The records:
========================
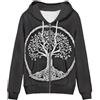 EujGvboU Felpe con cappuccio da donna con stampa grafica dell'albero della vita con cerniera novità vichingo a maniche lunghe felpe con cappuccio giacche oversize, Albero nodo celtico, S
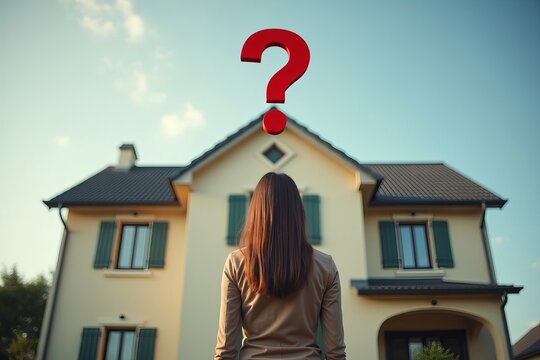 Confusion and Uncertainty in the Real Estate Market: Woman Standing in Front of House with Question Mark Hovering Above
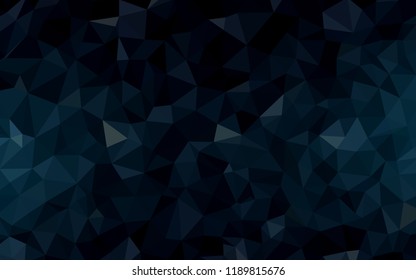 Dark BLUE vector polygonal background. Glitter abstract illustration with an elegant triangles. Triangular pattern for your design.
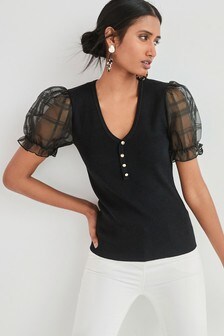 Lace Woven Sleeve Jumper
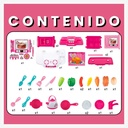 Cocina Kitchen Set Con Luz Y Sonido 32 Piezas 66 Cm Rosa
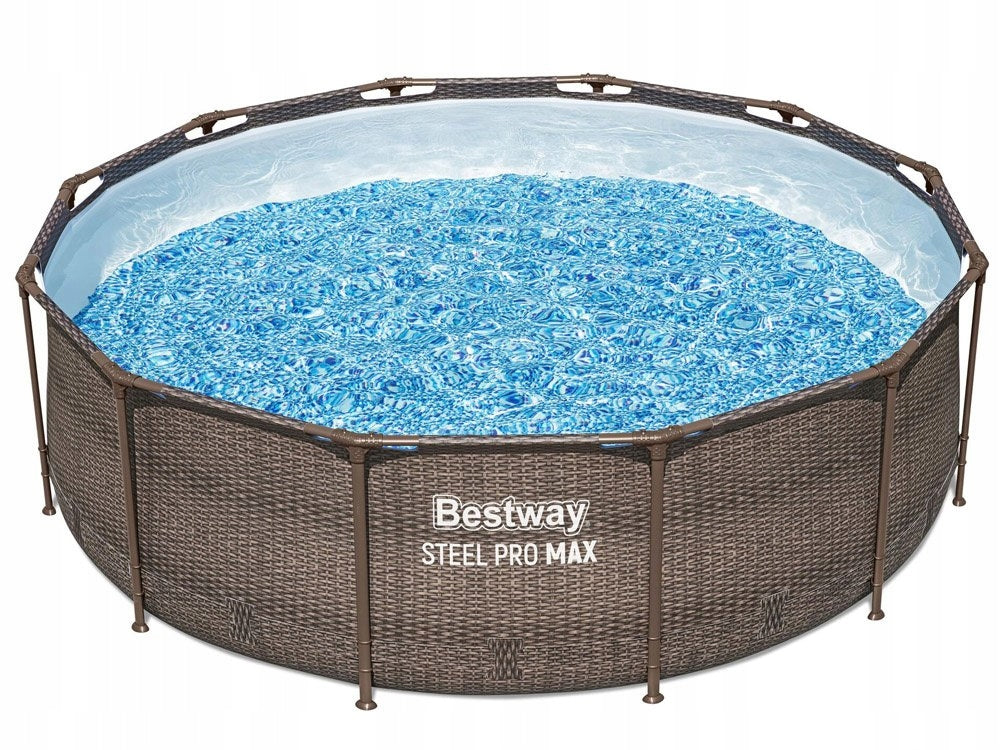 Bestway: MYKONOS LUX fémvázas rattan medence létrával és vízforgatóval - Brand Bestway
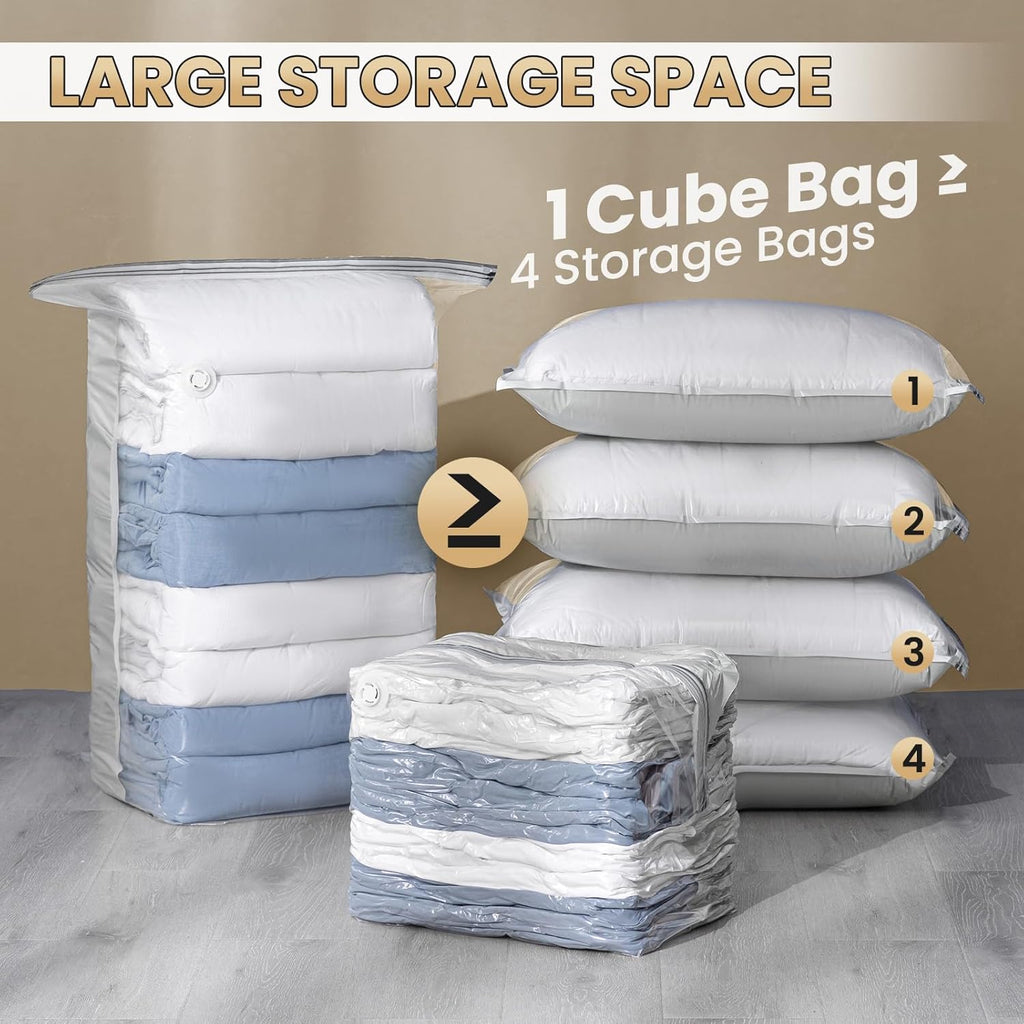 Taili Lot de 6 sacs de rangement sous vide, Ensemble de sacs cubes gain de place (3 très grands + 3 moyens), Sacs à fermeture sous vide pour literie, vêtements, couettes, couvertures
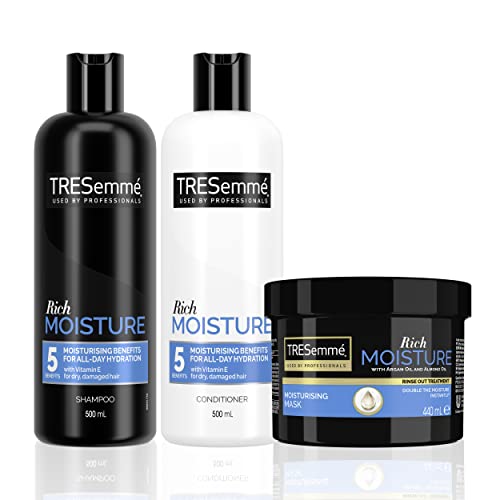 TRESemmé Pack Intensa Hidratación para pelo seco o dañado con Vitamina E, nutre y fortalece, Champú 500ml, Acondicionador 500ml y Mascarilla 440ml, Blanco/ Negro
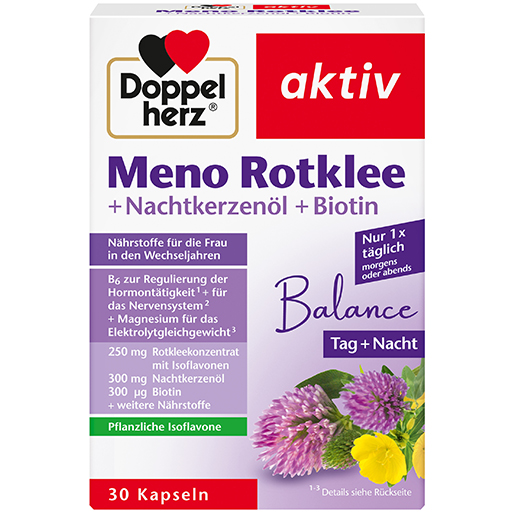 DOPPELHERZ Meno Rotklee Nachtkerzenöl Biotin Kaps.  30 St  Kapseln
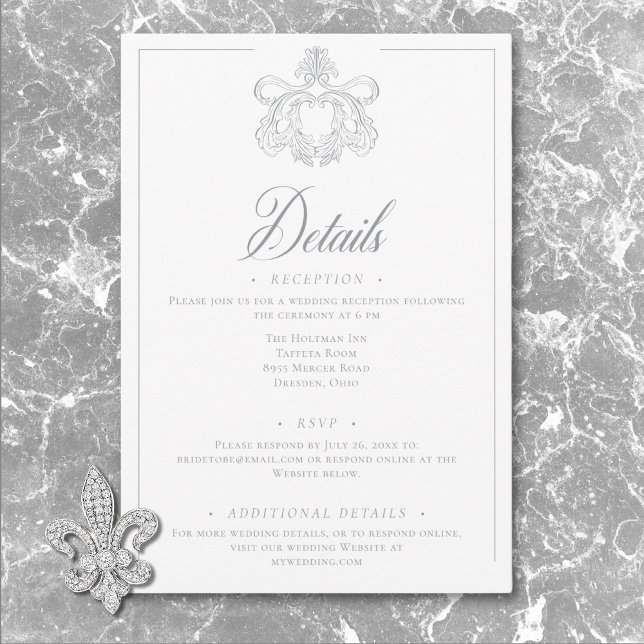 Tarjeta De Recepción Elegante Gray Chinoiserie Boda Escudo de pájaros (Elegant Gray Chinoiserie Bird Crest Wedding Detail Enclosure Card)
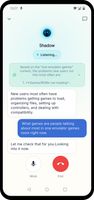 Community discovery screen showing joinable communities, search, and trending stories.Voice agent screen showing hands-free conversation with the Shadow agent.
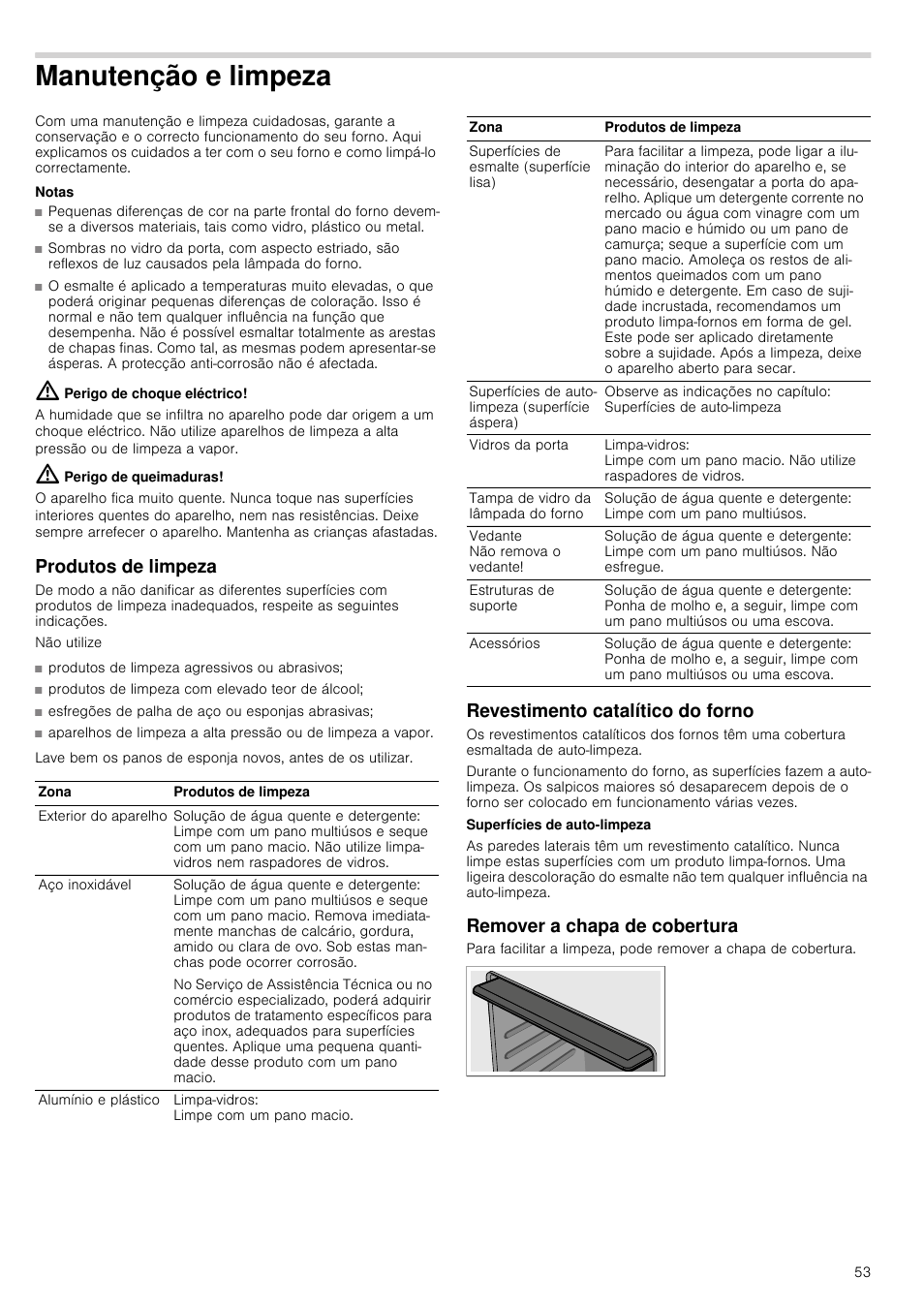 Manutenção e limpeza, Notas, Perigo de choque eléctrico | Perigo de queimaduras, Produtos de limpeza, Produtos de limpeza com elevado teor de álcool, Esfregões de palha de aço ou esponjas abrasivas, Revestimento catalítico do forno, Remover a chapa de cobertura | Siemens HB933R51 User Manual | Page 52 / 160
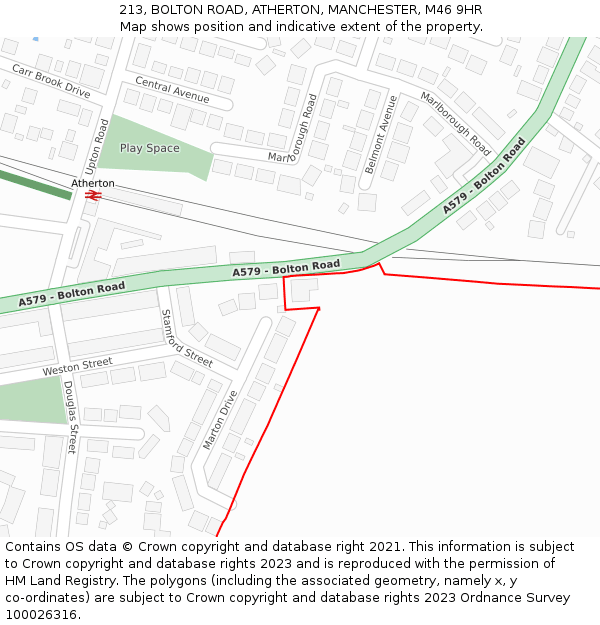 213, BOLTON ROAD, ATHERTON, MANCHESTER, M46 9HR: Location map and indicative extent of plot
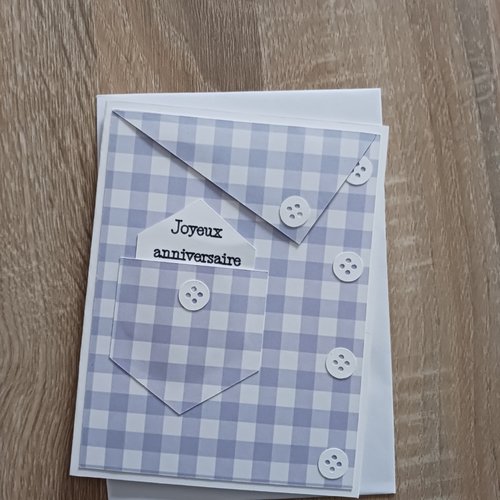Carte anniversaire "chemise" homme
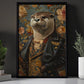 Dapper Otter Gentleman, Victorian Otter Canvas Painting, Victorian Animal Wall Art Decor, Poster Gift For Otter Lovers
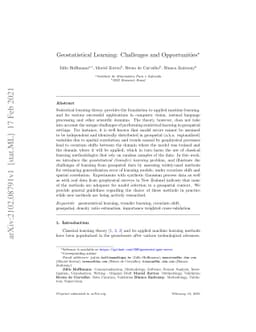Geostatistical Learning: Challenges and Opportunities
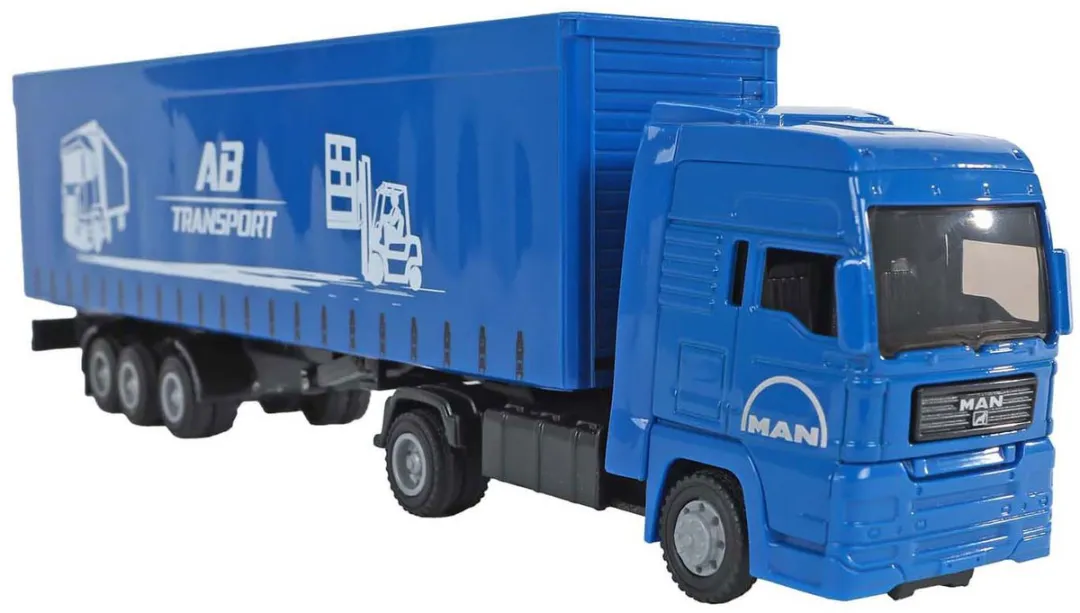 Kids Globe Man Vrachtwagen met Oplegger 30cm - Multi kleuren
========================
Would you give again, exactly as written, the lines from the one containing "Dapper Otter Gentleman, Victorian" through the end of the records, with no pictures and no other lines?

 Dapper Otter Gentleman, Victorian Otter Canvas Painting, Victorian Animal Wall Art Decor, Poster Gift For Otter Lovers
Geostatistical Learning: Challenges and Opportunities
 Kids Globe Man Vrachtwagen met Oplegger 30cm - Multi kleuren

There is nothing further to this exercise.